Despite all of the economic tightening by the Federal Reserve to bring down inflation, the opposite happened in January, according to the latest data from the Bureau of Economic Analysis. The Personal Consumption Expenditures index, the Fed’s preferred inflation gauge, was up 5.4% from a year ago, a hair higher than December’s 5.3%.

That December figure was also revised up from 5%, showing prices of goods and services rose faster in December than previously reported. Meanwhile, the monthly price for goods and services climbed 0.6% in January, the largest monthly gain since last summer.

This data follows the consumer price report — which showed inflation barely slowed in that data set — and a shockingly strong jobs report for January.

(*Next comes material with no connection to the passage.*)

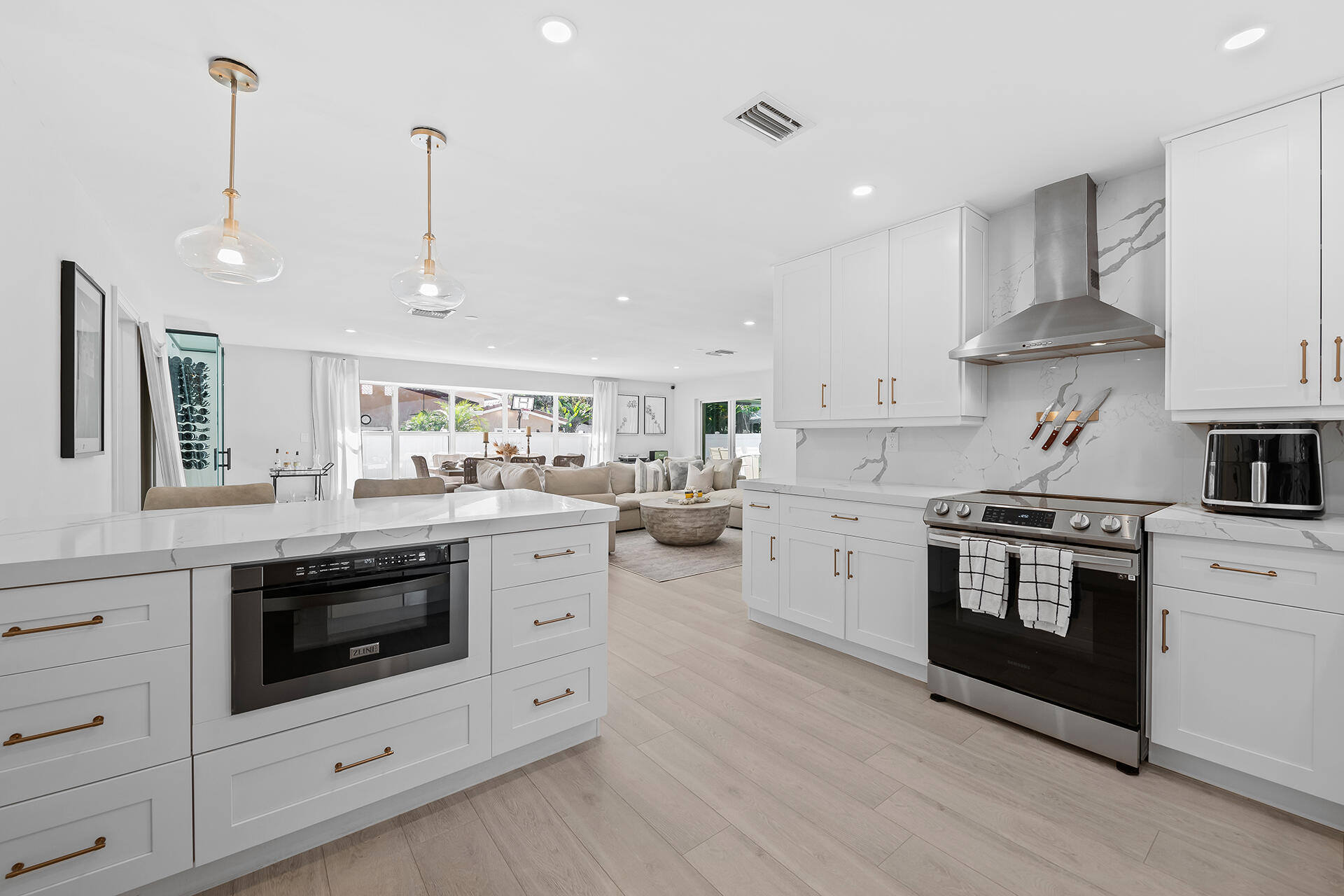 698 West Camino Boca Raton, FL 33486 - Photo 9 of 30 a kitchen with stainless steel appliances granite countertop a stove a sink and a wooden floors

So what does this mean beyond inflation being stubbornly high? The market consensus is higher interest rates.

The Fed hiked its benchmark interest rate for the eighth time in a year earlier this month. And at a 25-basis point increase, it was the smallest hike since the Fed started its campaign in March 2022.

But minutes from the latest meeting released this week showed some committee members favored a larger 50-basis point rise in the rate.

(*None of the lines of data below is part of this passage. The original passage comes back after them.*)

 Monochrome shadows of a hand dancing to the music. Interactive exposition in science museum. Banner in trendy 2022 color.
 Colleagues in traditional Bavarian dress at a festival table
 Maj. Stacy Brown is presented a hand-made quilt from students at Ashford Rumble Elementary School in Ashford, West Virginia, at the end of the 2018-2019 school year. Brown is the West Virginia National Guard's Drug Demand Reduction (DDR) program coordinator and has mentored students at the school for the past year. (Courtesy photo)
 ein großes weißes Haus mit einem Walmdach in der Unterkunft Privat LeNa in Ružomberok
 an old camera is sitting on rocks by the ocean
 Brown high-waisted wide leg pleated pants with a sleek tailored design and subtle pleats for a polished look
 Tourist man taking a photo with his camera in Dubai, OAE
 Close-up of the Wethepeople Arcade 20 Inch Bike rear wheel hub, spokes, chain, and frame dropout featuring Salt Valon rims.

“The participants favoring a 50-basis point increase noted that a larger increase would more quickly bring the target range close to the levels they believed would achieve a sufficiently restrictive stance, taking into account their views of the risks to achieving price stability in a timely way,” the minutes read.

As it stands following February’s 25-basis point increase, the federal funds target range sits between 4.5% and 4.75%. This is the interest rate banks pay for overnight lending, but the rise and fall directly impact consumer interest rates. The Federal Open Market Committee has repeatedly said they believe the rate will need to climb higher than 5% and hold there in an effort to bring down inflation.

The committee meets again in one month to revisit the interest rate, attempting to balance restrictive economic policy to curb consumer spending in hopes prices fall, and maintaining strong employment to avoid a recession.

What’s the difference between CPI and PCE and why does the Fed prefer the latter? Click here to learn more.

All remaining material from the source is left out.